**What is being asked**
Look through the data below and extract, unchanged, the lines from the one that contains "Vacances Denmark Heart Heartline" to the one that contains "Batteries APEXWAY 10.8V", both included.

**Input for this task**
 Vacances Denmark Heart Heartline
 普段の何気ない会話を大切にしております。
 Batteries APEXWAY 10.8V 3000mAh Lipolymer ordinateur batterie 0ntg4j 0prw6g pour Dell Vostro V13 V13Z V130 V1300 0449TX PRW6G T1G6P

--

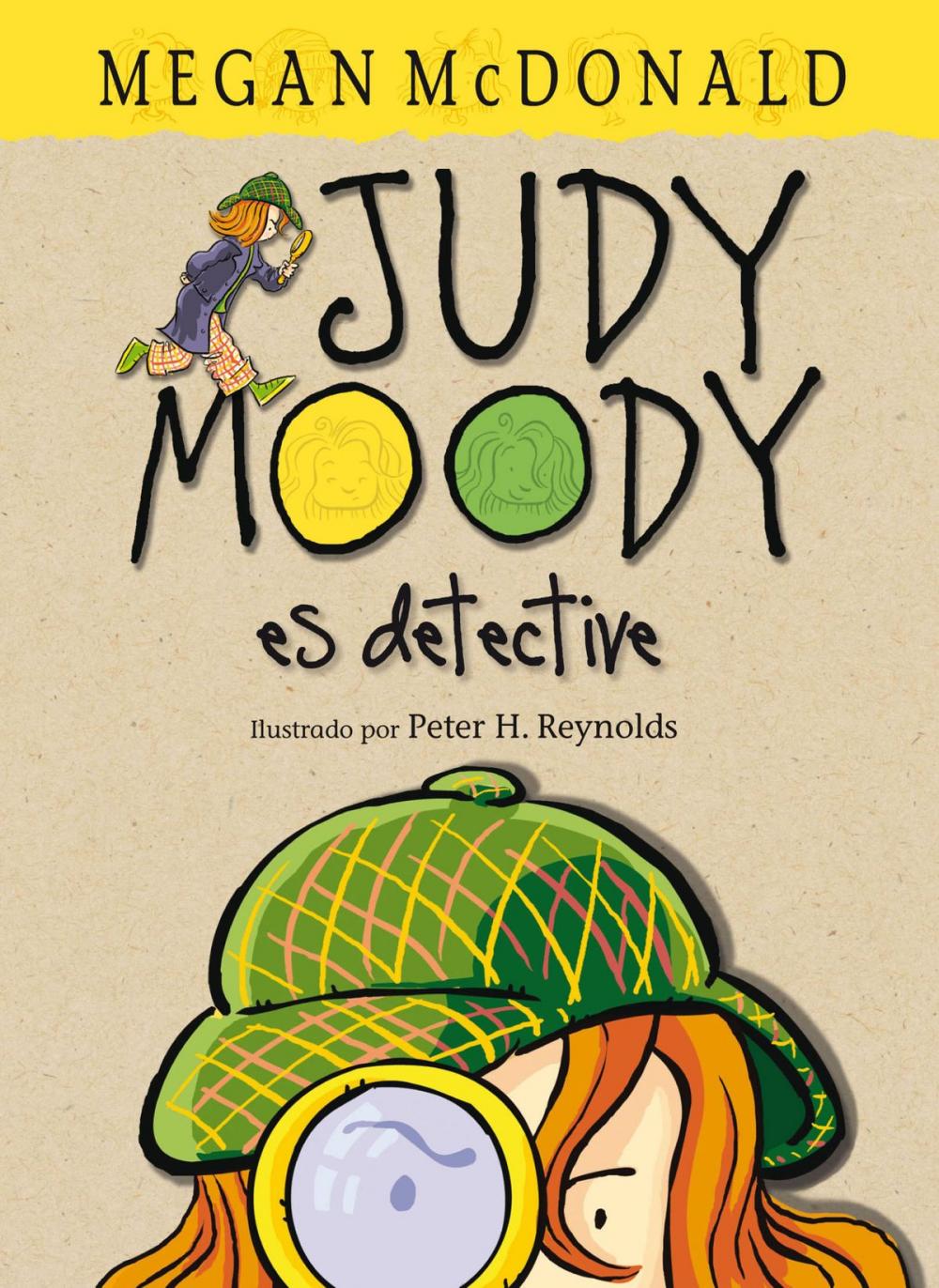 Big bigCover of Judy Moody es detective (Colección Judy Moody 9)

**Response area**
 Vacances Denmark Heart Heartline
 普段の何気ない会話を大切にしております。
 Batteries APEXWAY 10.8V 3000mAh Lipolymer ordinateur batterie 0ntg4j 0prw6g pour Dell Vostro V13 V13Z V130 V1300 0449TX PRW6G T1G6P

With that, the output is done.